“In my line, friend, a man never knows.”
“I suppose that’s true.”
“You wouldn’t happen to know where I can find Chief Bolt, would you?”
“Yes, sir, he and Mr. Terry are in the back.”
“Ask the chief to join me out here, would you, please?”
“Sure thing, Marshal. You want a beer or anything while you’re waiting?”
“No, thanks, I’m fine.”
The bartender nodded and, first checking to make sure no one needed his immediate attention at the bar, went into the back of the saloon.
Longarm wandered over to the corner where he’d spent so many hours before. The table he was used to had been dragged a short distance away, and the chairs were not arranged to his liking. He left the table where it was, but found the chair he favored and pulled it over against the wall, dropping into it with the Winchester laid across his lap.
Harry Bolt came out in a minute or so, Clete Terry with him. The two men stopped at the bar to draw beers for themselves, then carried those and a plate of pickled eggs over to join Longarm in the corner.
“If this is about that Reese boy, Long, my story hasn’t changed. I told you the truth. I seen he was reaching for a gun and didn’t know he was fixing to hand it over to you peaceful. Which maybe he was and maybe he wasn’t. So I shot. I did it to protect a fellow peace officer, and I’d do it again. I suppose, though, you’ll be wanting a written statement to that effect. Is that what you’ve come for?”
“Actually, Harry, what I come here about don’t have nothing to do with Steve Reese’s murder.”
Bolt raised an eyebrow and began to look a mite prickly. “I don’t much care for your use of the word murder there, Long.”
“That’s all right, Harry.
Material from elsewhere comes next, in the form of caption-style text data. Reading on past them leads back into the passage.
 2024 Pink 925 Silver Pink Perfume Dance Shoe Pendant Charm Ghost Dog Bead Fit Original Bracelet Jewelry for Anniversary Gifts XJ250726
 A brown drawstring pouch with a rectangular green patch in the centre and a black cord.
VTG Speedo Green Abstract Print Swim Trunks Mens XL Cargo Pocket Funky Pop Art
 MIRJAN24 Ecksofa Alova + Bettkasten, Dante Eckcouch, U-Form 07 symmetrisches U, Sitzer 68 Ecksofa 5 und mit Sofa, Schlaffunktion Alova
You’re entitled to your feelings on the subject.” Longarm stuck a cheroot between his teeth and flicked a match into flame. He held the flame to the end of the cigar and took his time about building a coal, then shook the match out and tossed it toward a cuspidor in the corner. He kept the cheroot in his teeth and laid his hand onto the grip of the Winchester.
“If you’d be more comfortable,” Longarm offered, “I could call you Dennis instead of Harry.”
“What?”
“Dennis Connor O’Dell is the long of it, I believe.”
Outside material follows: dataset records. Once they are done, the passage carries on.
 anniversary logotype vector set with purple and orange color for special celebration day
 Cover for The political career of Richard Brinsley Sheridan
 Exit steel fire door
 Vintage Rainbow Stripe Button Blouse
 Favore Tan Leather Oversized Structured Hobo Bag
“Who are you talking about, Long? Have you gone crazy in the head here?”
“All these years. Just think of it, Dennis. You’ve gotten away with it for all these years.”
“I don’t know …”
“Yes, you do, Dennis. What happened? Did Harry Bolt serve that warrant on you? It was the last he ever signed out. We looked it up. And it was never returned— Paper on Dennis Connor O’Dell, George Timothy Ward, and James Leon Fowler. Harry Bolt, the real Harry Bolt that is, was never seen again afterward. Not by anybody who’d known him before, though someone calling himself Harry Bolt showed up in southern Colorado soon afterward. George Ward was killed a couple years ago in Arizona. Did you know that? And James Leon Fowler died right here about two weeks back. I know because I killed him myself. More to the point, Dennis—or if you wouldn’t mind— Harry. I’ve got in such a habit of calling you by that name that it’s hard to quit now that I know different. Anyway, that was your old pard who showed up here. What was it, Harry? Dennis? Did he come here by accident an’ just happen to recognize you? Or had he kept track of you all that time till he got outa the pen?”
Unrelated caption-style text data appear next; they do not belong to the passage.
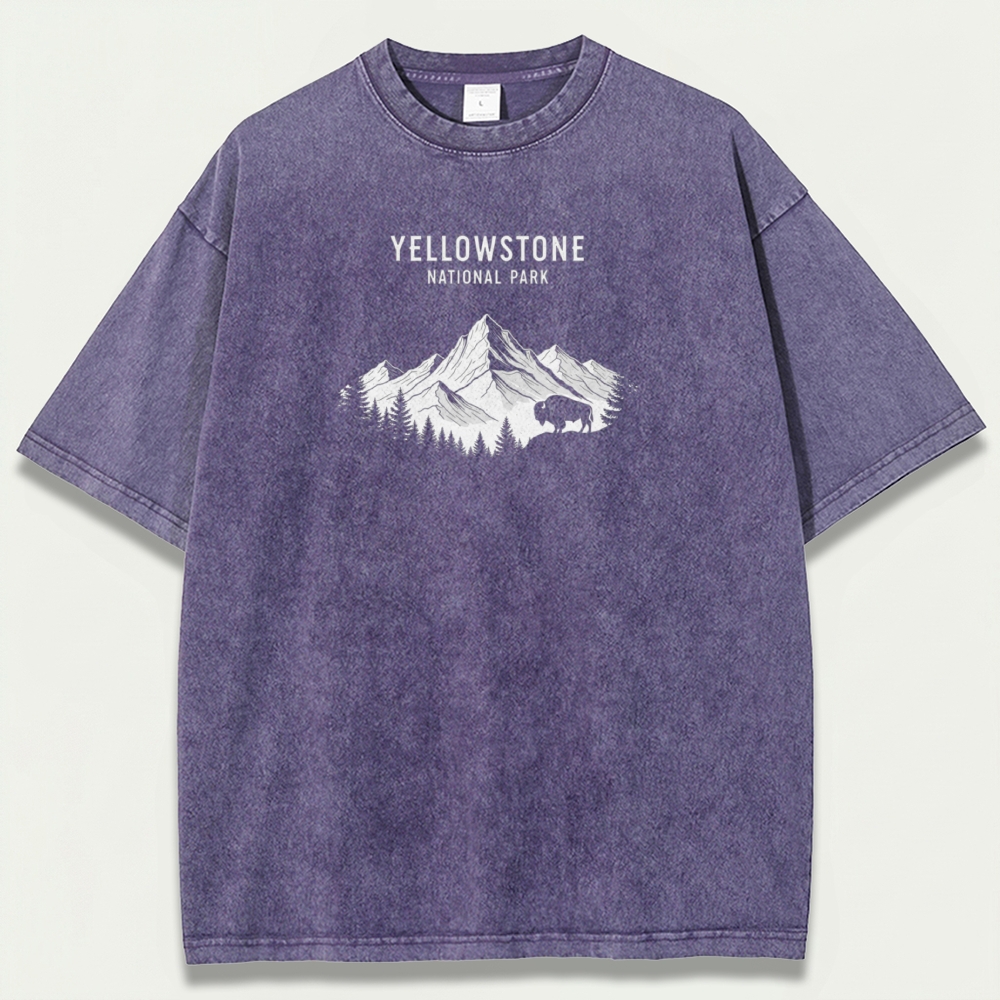 Yellowstone National Park Vintage Organic Cotton Trail Tee-HikeVista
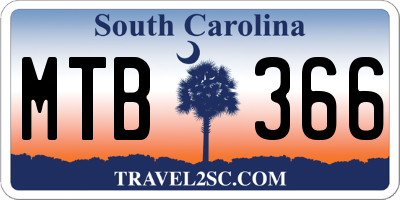 SC license plate MTB366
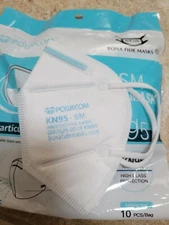 10 Pack POWECOM KN95 SM Small Children Kids Face Mask GB2626-2019 White n95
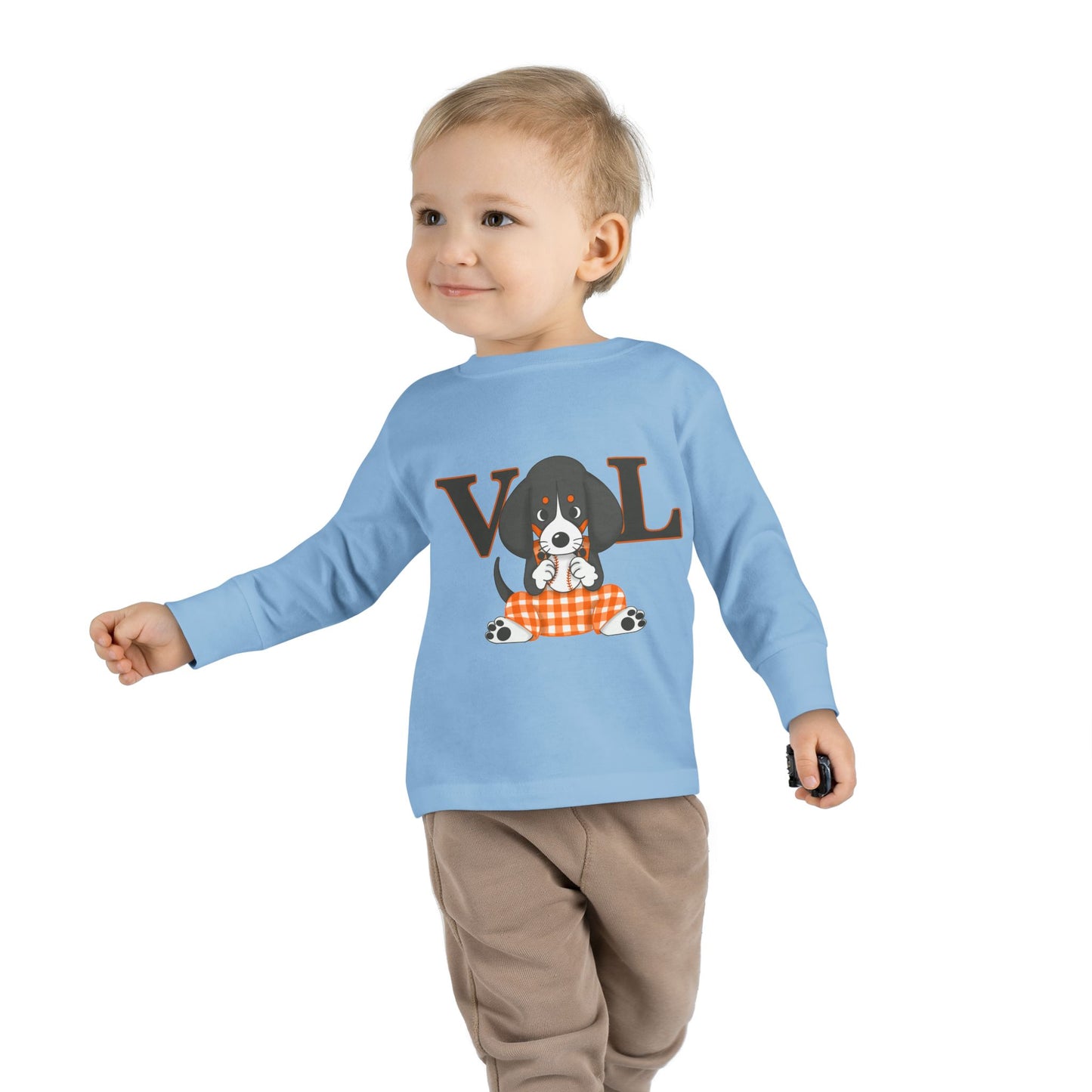 Cute Toddler Long Sleeve Tee with Adorable lil Smokey Design - Perfect for Pet Lovers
“I don’t know what you’re …”
“Of course you know, Dennis. Harry. You’re the one who set Fowler up to kill me, of course. Shit, it was the smart thing for you to do. Which I finally recognized once I peached to what had happened all those years ago. The real Harry Bolt arrested you but somehow you managed to kill him. And, instead of staying on the run as Dennis O’Dell with a price on your head, you took Harry Bolt’s papers an’ pretended you was him. Got away with it all this time too, and would’ve got away with it for who knows how much longer except all of a sudden there was two different threats that could expose you.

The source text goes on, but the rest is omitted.